MATERIAL PROVIDED: Begin

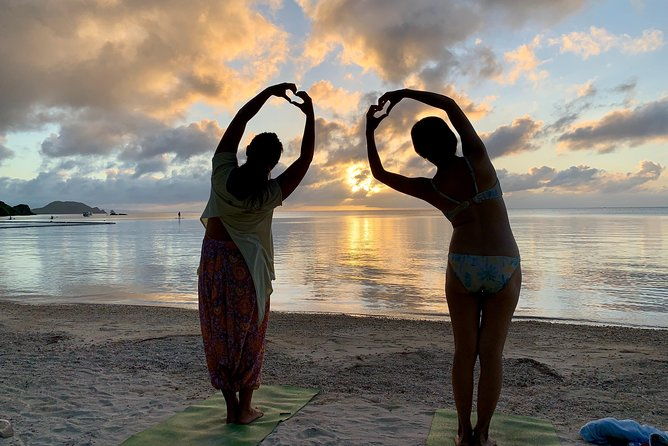 private-beach-yoga-where-you-can-feel-nature-and-the-earth-on-ishigaki-island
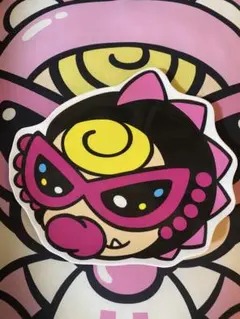 2026年最新】HYSTERIC MINI 食器の人気アイテム - メルカリ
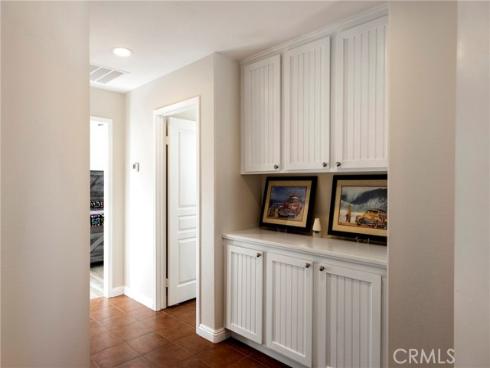 444  Camino Flora Vista  , San Clemente, CA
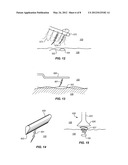 SYSTEMS AND METHOD FOR IGNITING EXPLOSIVES diagram and image
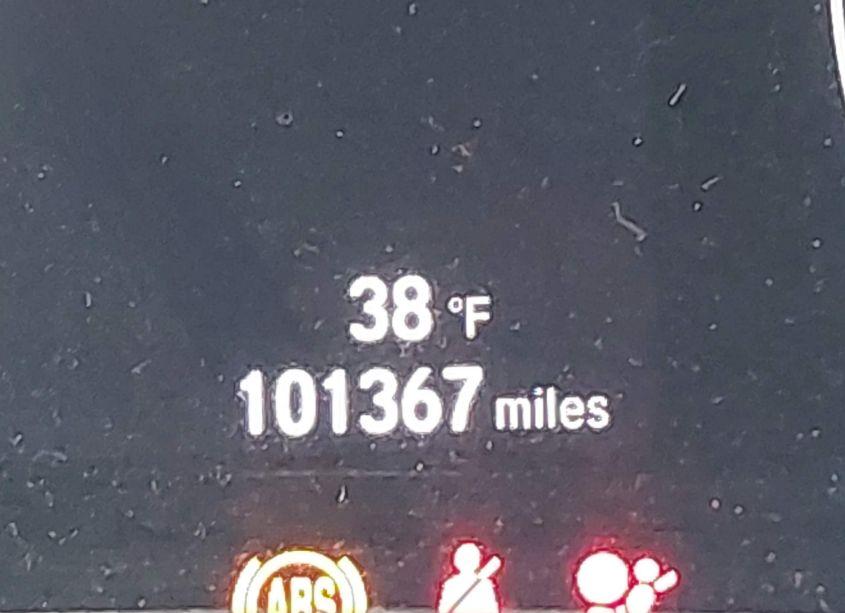 Photo 16 of 2018 Honda Accord SPORT (VIN 1HGCV1E39JA189137)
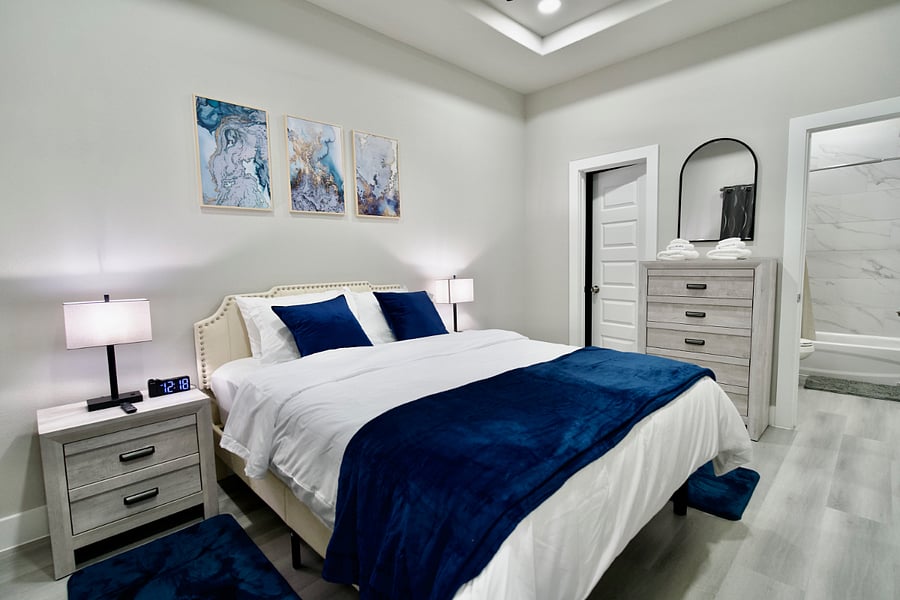 Furnished Finder property 874097_1 photo 7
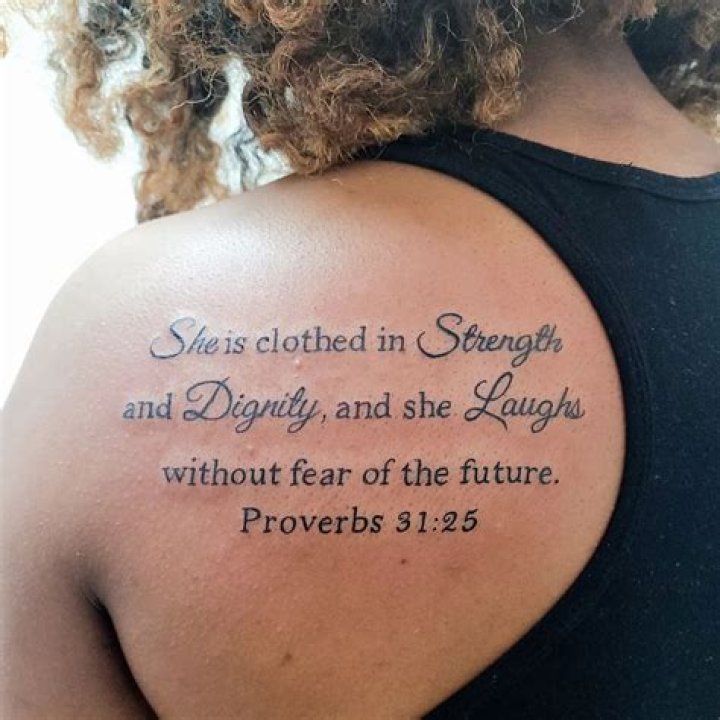 The Unseen Side of Body Art: Understanding Tattoo Failures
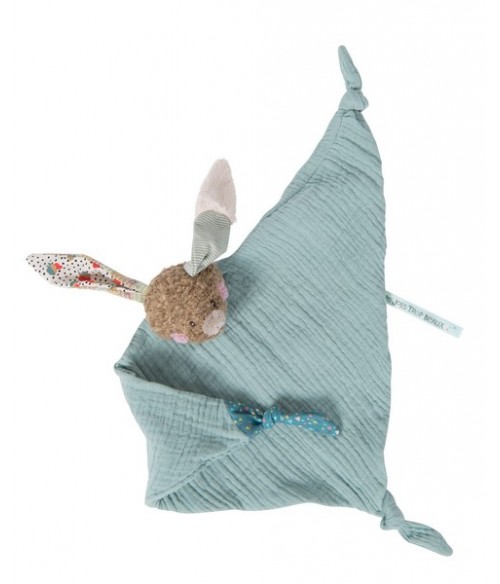 doudou chat moulin roty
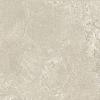 PIET BOON OUTDOOR COAST BEIGE 90x90x3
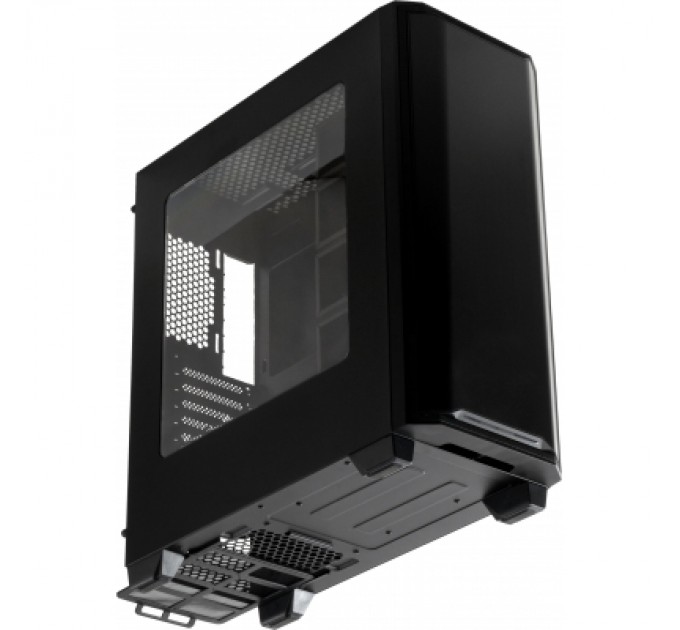 Vinga Корпус Vinga Galaxy G1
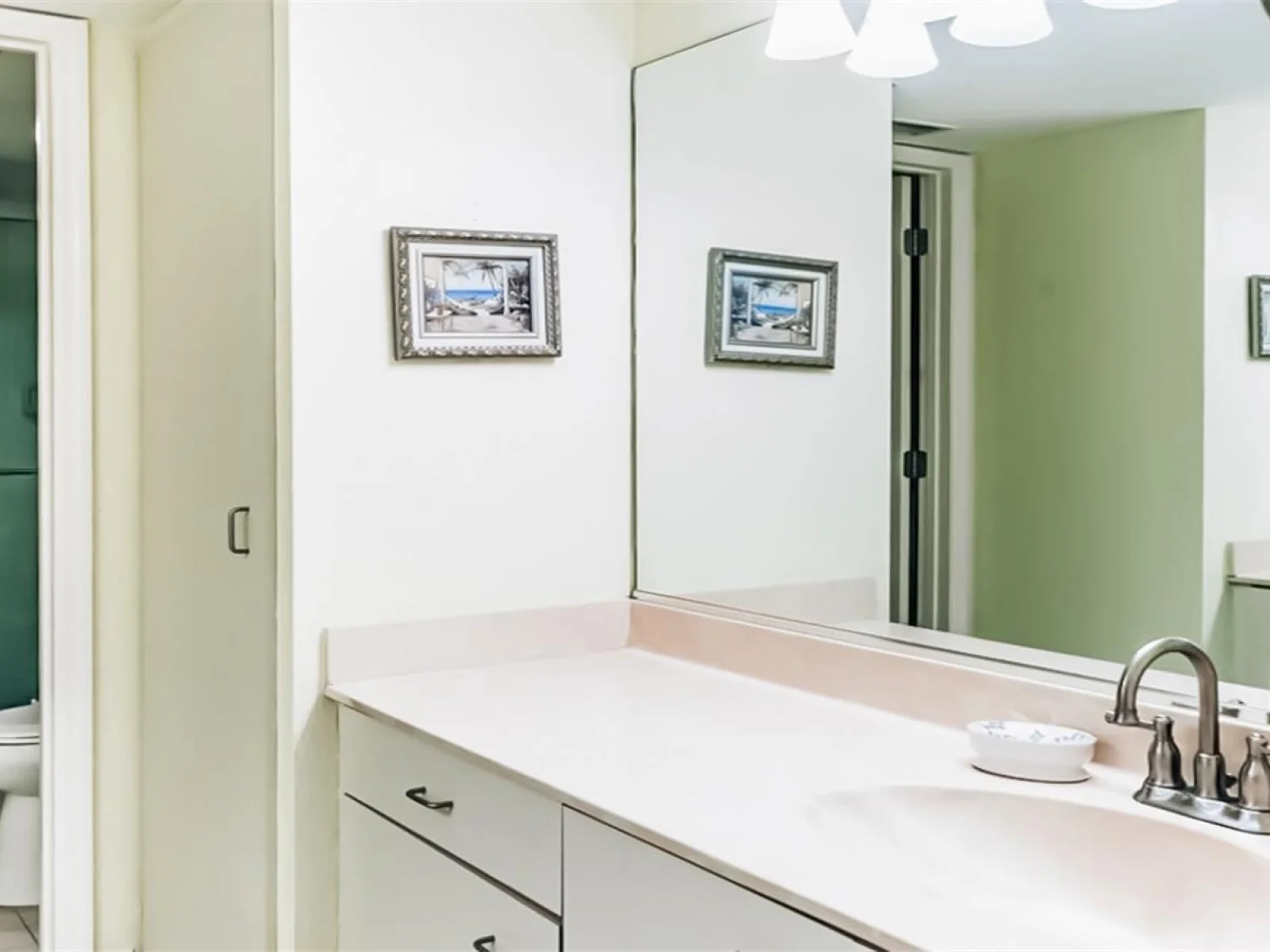 1226 SIESTA BAYSIDE DR #1226-C, SARASOTA, FL — photo 12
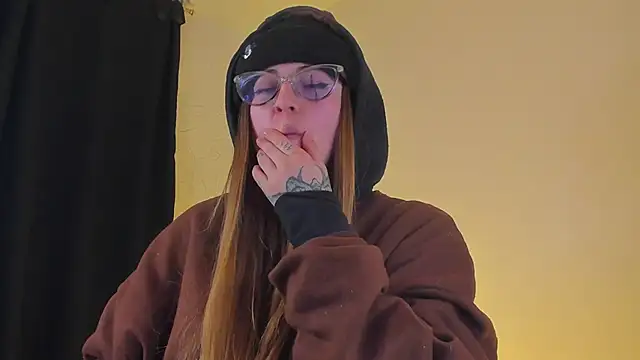 tekila   online show from March 17, 11:54 pm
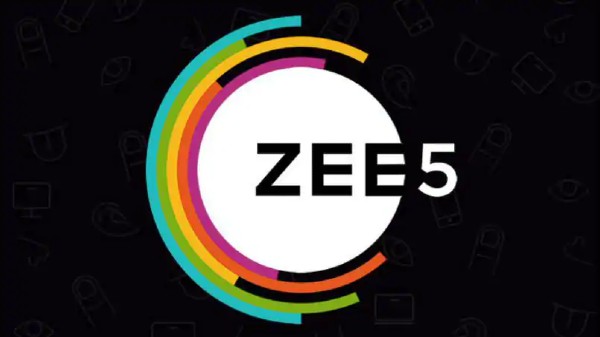 ZEE5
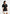 baya-tailored-cinch-waist-pleated-blazer-dress-black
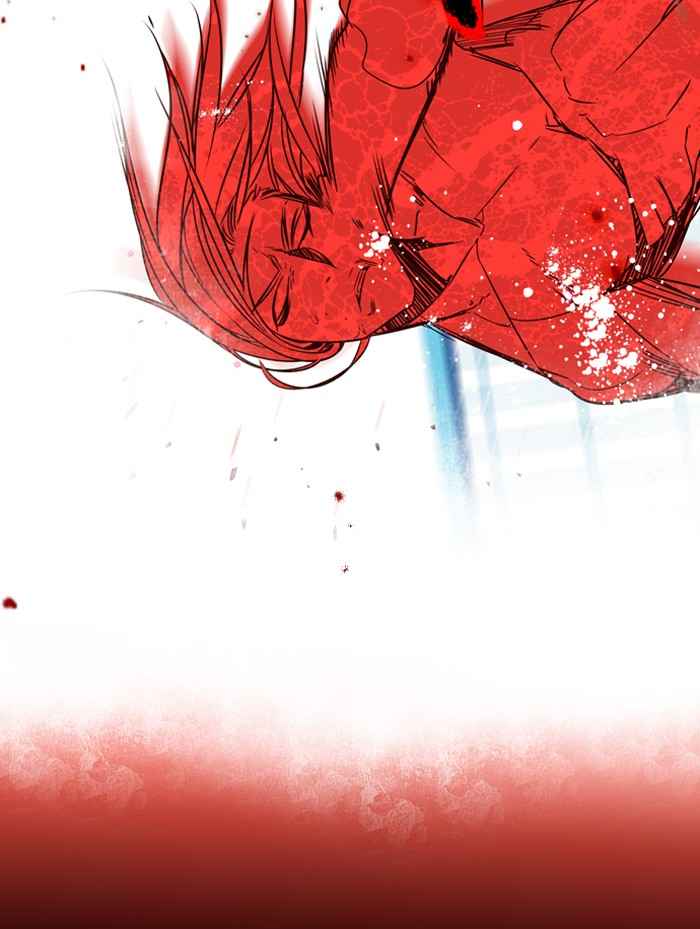 Girl of the Wilds Chapter 161 Gambar 15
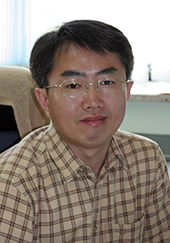 동아대 이선우 교수팀, 우장춘 프로젝트 사업 선정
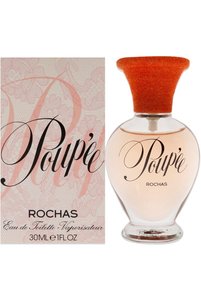 Related product image Rochas Fragrances and Deodorants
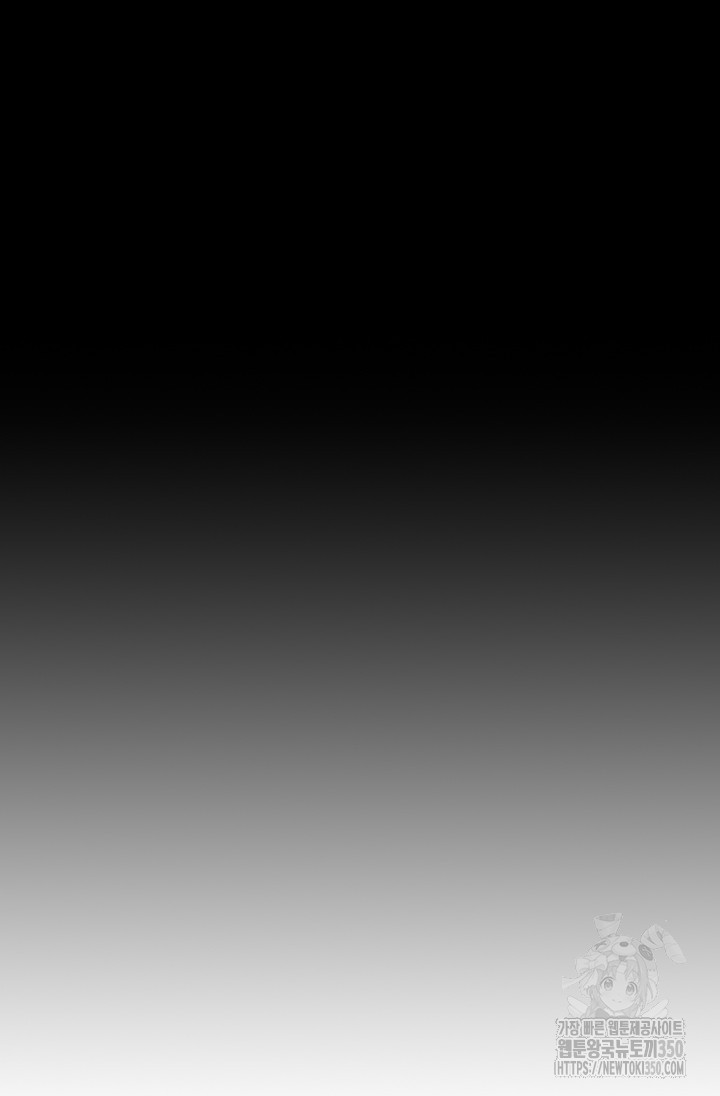 1724490064_60141247727235.jpg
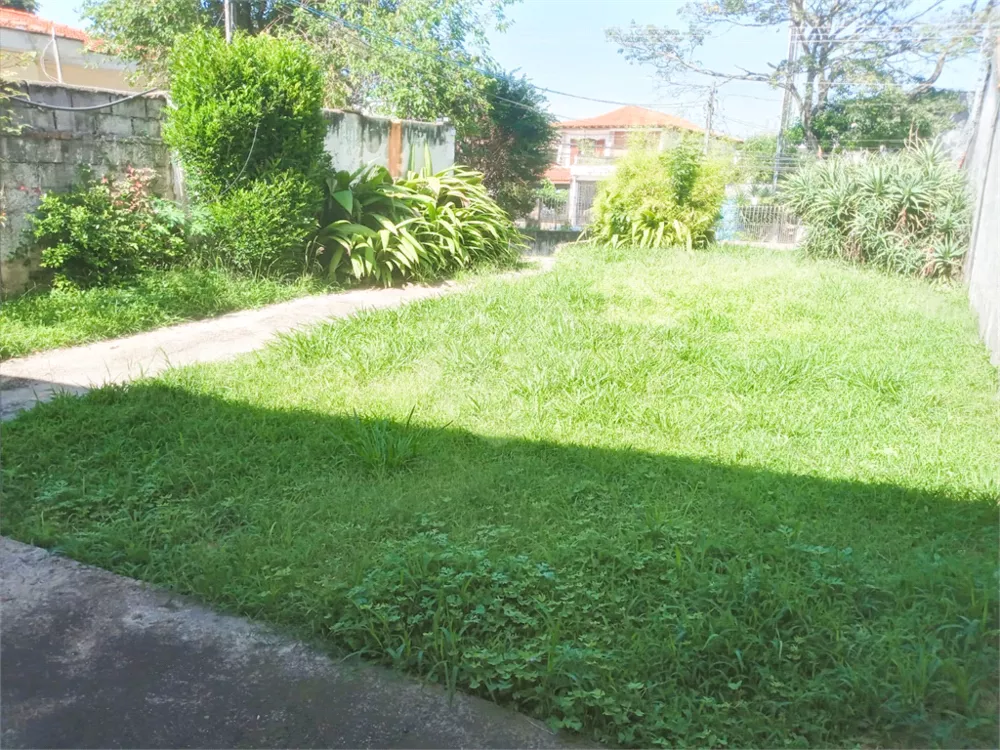Casa, 2 quartos, 500 m² - Foto 3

MATERIAL PROVIDED: End

YOUR ASSIGNMENT:
Copy out all the entries precisely. No images.

TASK OUTPUT:
 private-beach-yoga-where-you-can-feel-nature-and-the-earth-on-ishigaki-island
 2026年最新】HYSTERIC MINI 食器の人気アイテム - メルカリ
 444  Camino Flora Vista  , San Clemente, CA
 SYSTEMS AND METHOD FOR IGNITING EXPLOSIVES diagram and image
 Photo 16 of 2018 Honda Accord SPORT (VIN 1HGCV1E39JA189137)
 Furnished Finder property 874097_1 photo 7
 The Unseen Side of Body Art: Understanding Tattoo Failures
 doudou chat moulin roty
 PIET BOON OUTDOOR COAST BEIGE 90x90x3
 Vinga Корпус Vinga Galaxy G1
 1226 SIESTA BAYSIDE DR #1226-C, SARASOTA, FL — photo 12
 tekila   online show from March 17, 11:54 pm
 ZEE5
 baya-tailored-cinch-waist-pleated-blazer-dress-black
 Girl of the Wilds Chapter 161 Gambar 15
 동아대 이선우 교수팀, 우장춘 프로젝트 사업 선정
 Related product image Rochas Fragrances and Deodorants
 1724490064_60141247727235.jpg
Casa, 2 quartos, 500 m² - Foto 3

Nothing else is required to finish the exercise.